Hence this study aimed to find out the factors affecting the selection of FMCGs by the rural consumers in Bangladesh. The findings of the study can be essential for the product development, market development and execution of new marketing plan in the rural areas of Bangladesh. The producers as well as marketers can get the idea regarding how the rural consumers behave towards the purchase of FMCG and what factors influence them before purchasing.


The major objectives of this study are:

  • To identify the factors that influence the FMCGs purchase decision of the rural consumers in the Khulna District of Bangladesh.
  • To measure the impact of each factor on the FMCGs purchase decision.
  • To find out the statistically significant factors from the factors identified.
  • To recommend some managerial implications of the findings from this study.
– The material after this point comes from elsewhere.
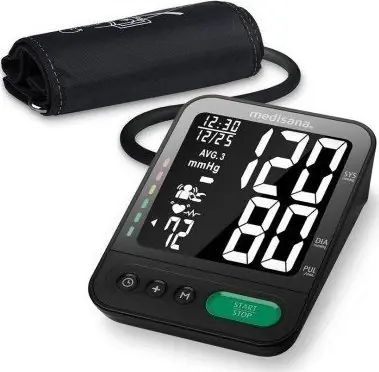Medisana BU 582 Arm-Blutdruckmessgerät weiß / LCD-Display / Speicher für 2 Personen / 4X AAA / Arrhythmieerkennung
Today in the highly competitive market the FMCGs consumers are enjoying the benefits of making their purchase decision from a number of brands which differ in price, quality, attributes etc. Consumers’ preferences and attitudes towards certain brands also vary due to their affordability, product availability, brand awareness, life style etc. As a result the rural marketers of FMCG products have to differentiate themselves on designing strategies targeting the rural consumers (Anand & Hundal, 2008). They need to understand the factors that influence the rural purchase decision towards FMCGs. Available literature also mentions that various factors like packaging, brand name, quality, price and promotions influence the purchase decision of rural consumers (cited in Narayana & Mathew, 2015). In one study Kundu (2013) examined that electronic media like TV commercials, print advertising and word of mouth play a significant role in influencing the FMCGs purchase decision in the rural areas. Negative emotional advertising appeals used in the television advertisements also influence the customers’ intension to purchase some selective FMCGs brands by forming positive attitudes towards those brands (Jayswa l& Shah, 2012). On the other hand public relation was found to be the most important element in a study conducted by Sukhmani et al. (2012) to increase the sales of FMCGs in the rural areas.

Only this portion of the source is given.